(Try it)
Quote only the span from the first line of the entries to the line containing "hamam handdoek donkerzeegroen - detail", both ends kept. Leave every picture out.

--- Given records ---

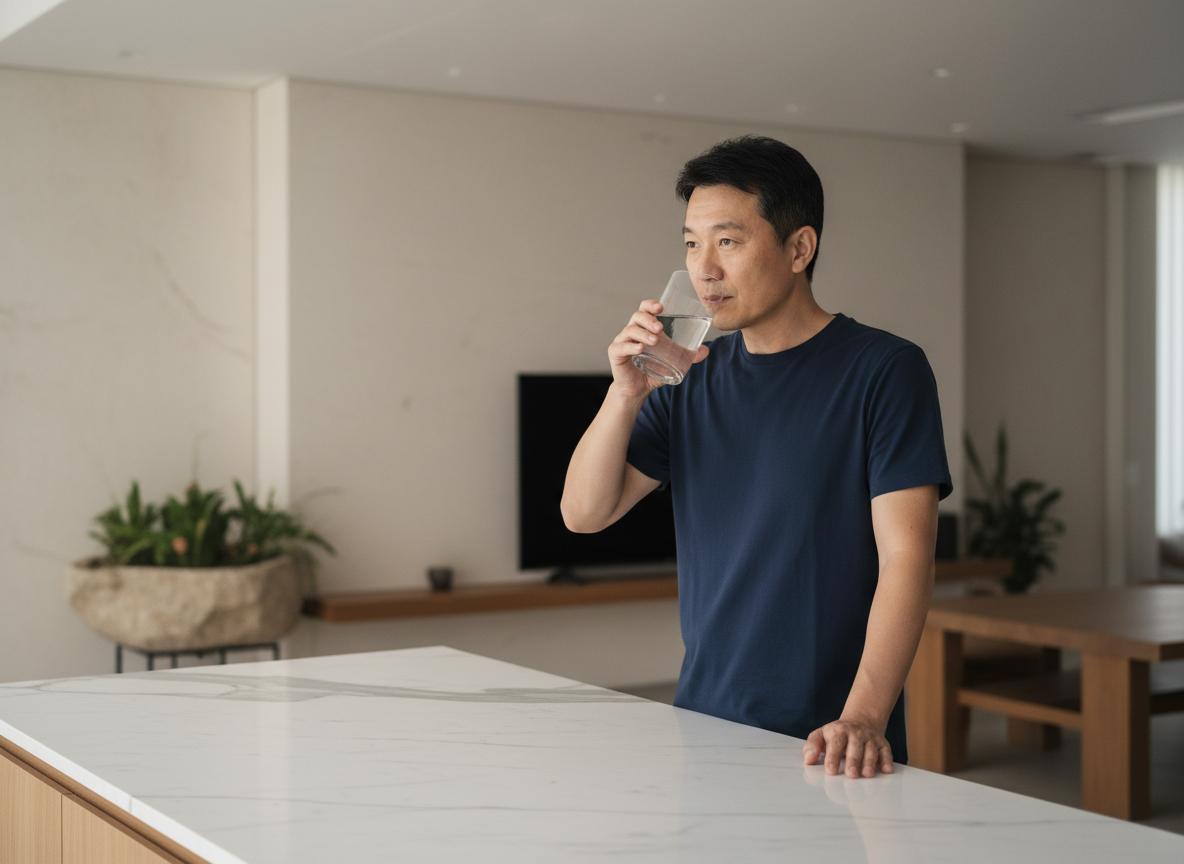 A man drinking a glass of water at a marble kitchen counter in morning light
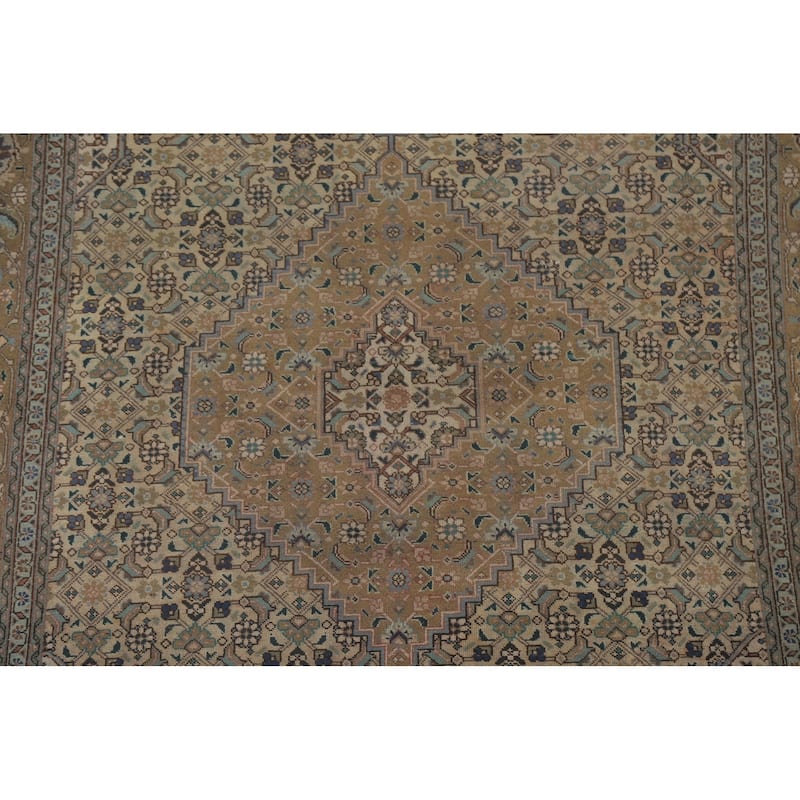 Geometric Tabriz Persian Vintage Area Rug Handmade Wool Carpet - 6'3" x 9'7"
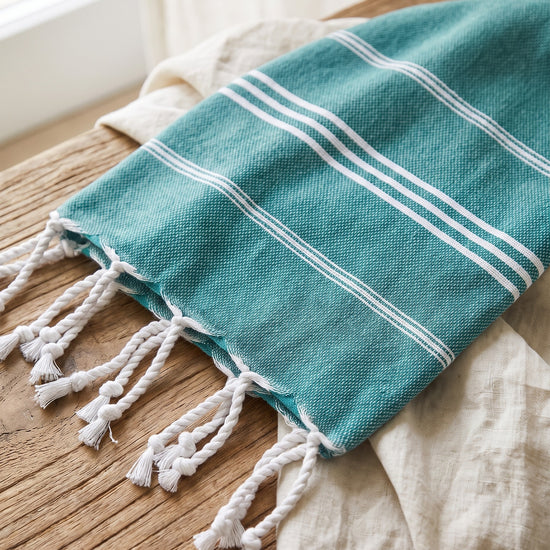 hamam handdoek donkerzeegroen - detail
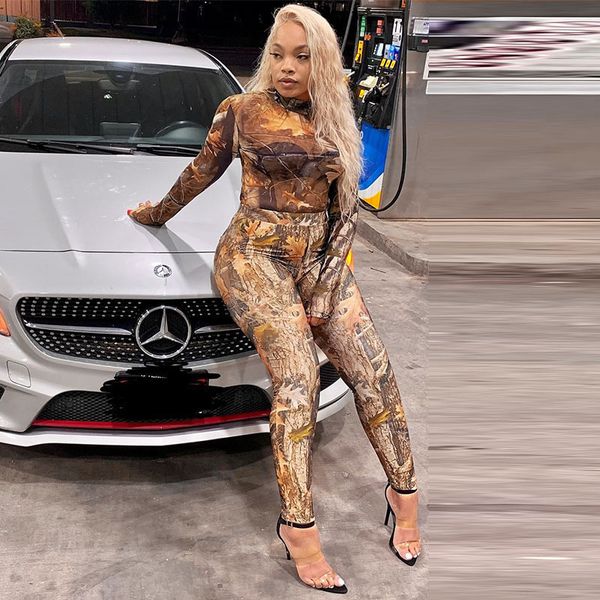

see-through bodysuit and leggings two piece sets for women clothing sporty long sleeve 2020 fashion streetwear club outfits c0123, Gray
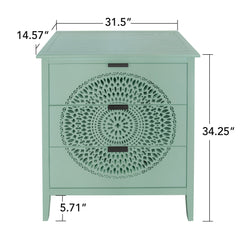 3 Drawer Storage Cabinet With Hollow Carved Design And Metal Handles, Chest For Entryway, Living Room Or Bedroom - Light Green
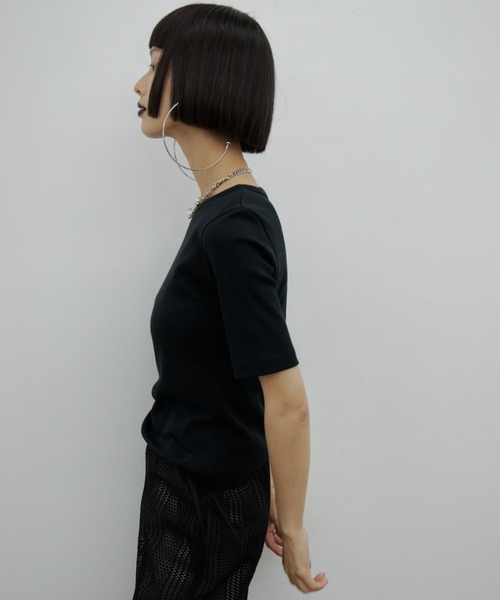 JOSE MOON(ジョゼムーン)の「BASIC MINIMAL T-SHIRT/ベーシックミニマルTシャツ(Tシャツ/カットソー・レディース・ホワイト/ネイビー/グリーン/ブラック・FREE)」の11枚目の写真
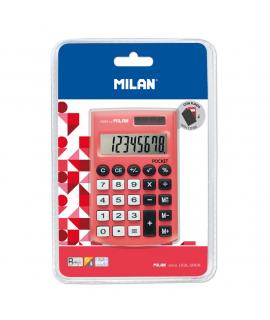 Milan Pocket Calculadora 8 Digitos - Calculadora de Bolsillo - Tacto Suave - 3 Teclas de Memoria y Raiz Cuadrada - Color Rojo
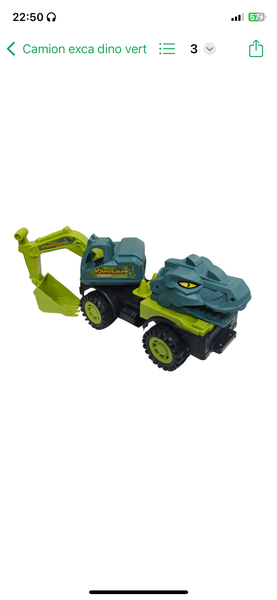 Camion Dino Excavatrice Vert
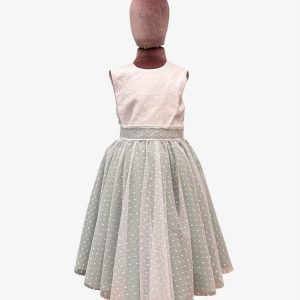 Abito in lino con gonna in tulle pois e cintura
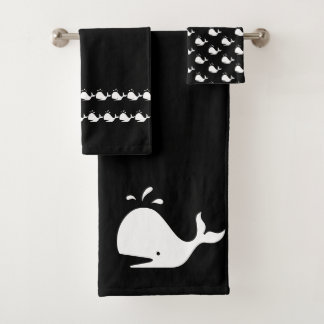 Cartoon Whale Bad Handdoek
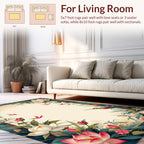 Vibrant Floral Hummingbird Scene Rug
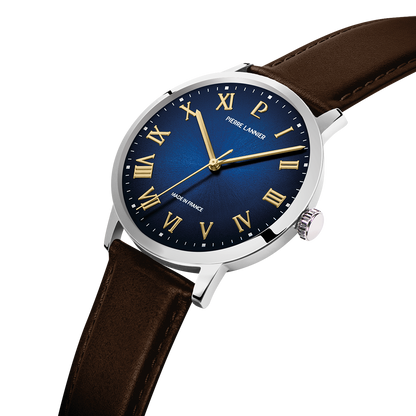 Montre Pierre LANNIER INTERVAL Acier Bleu Cuir Marron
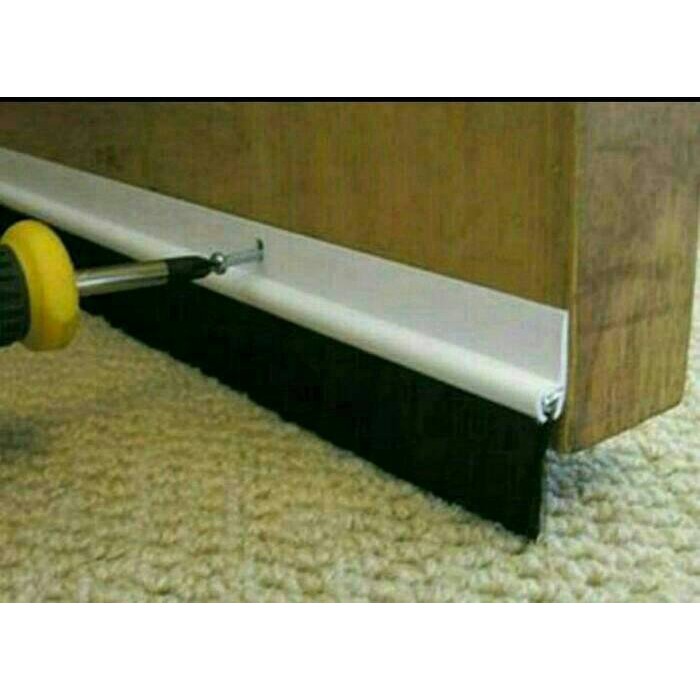 Door Bottom Seal Bulu Putih Coklat 1 Meter Penutup Celah Bawah Pintu / Moher
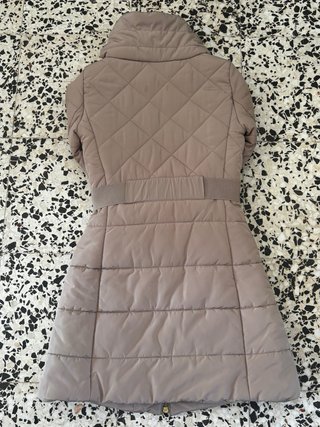 Abrigo acolchado mujer beige/gris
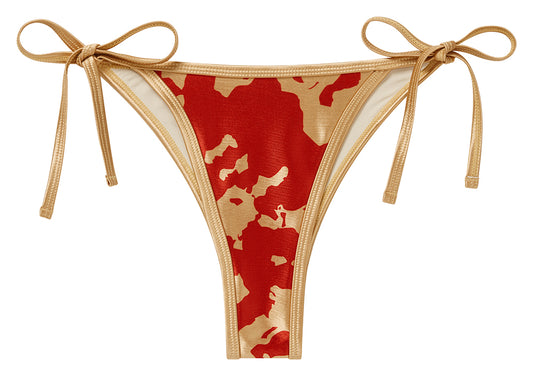 Classic Tie-String Red & Gold Bikini Set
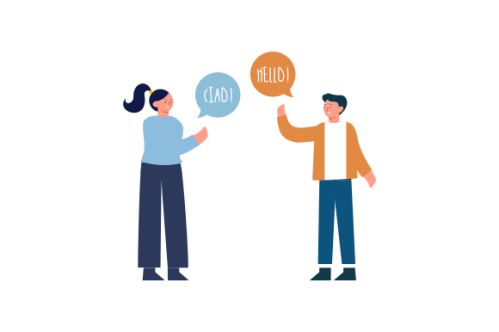 Illustration with young people talking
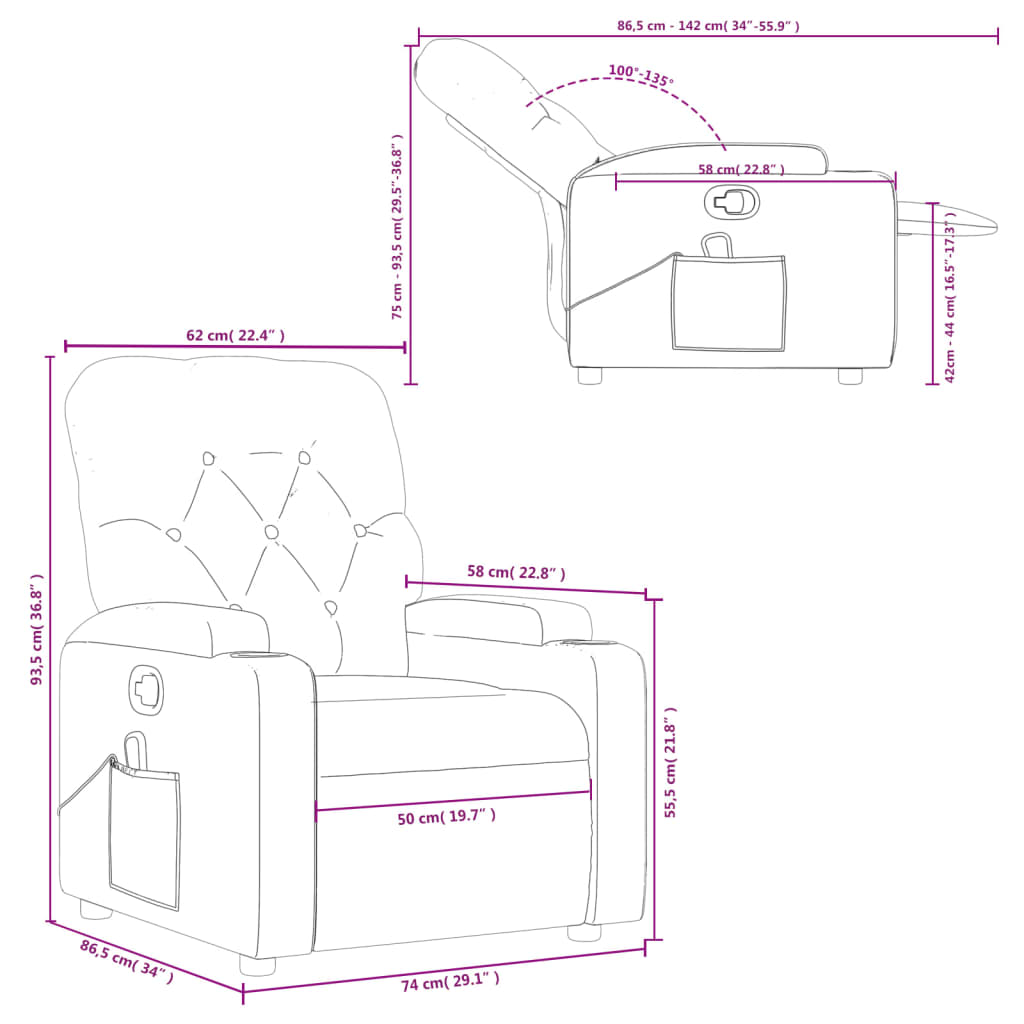 vidaXL Sillón de masaje reclinable cuero sintético negro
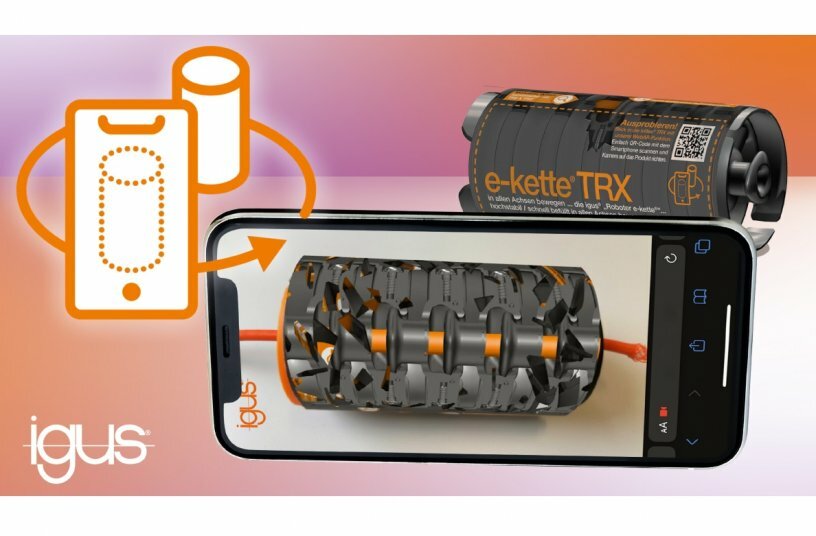Augmented reality allows customers to take an X-ray look at the interior of products and their mechanics. One example of this is the triflex TRX energy chain series.<br>IMAGE SOURCE: igus GmbH
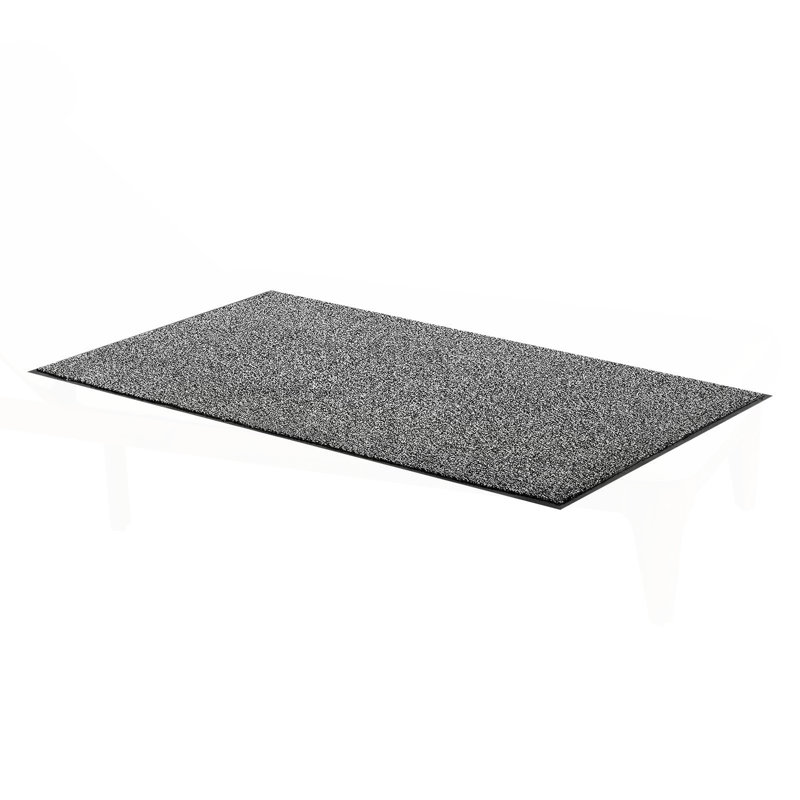 Front Door Mat, 5 x 3 ft Commercial Floor Mat for Indoor and Outdoor, Industrial Entrance Carpet with PVC Backing, Heavy Duty Washable Entry Temilayo for Hallway, Kitchen, Balcony, Garage, Grey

---

(Answer box)
 A man drinking a glass of water at a marble kitchen counter in morning light
 Geometric Tabriz Persian Vintage Area Rug Handmade Wool Carpet - 6'3" x 9'7"
 hamam handdoek donkerzeegroen - detail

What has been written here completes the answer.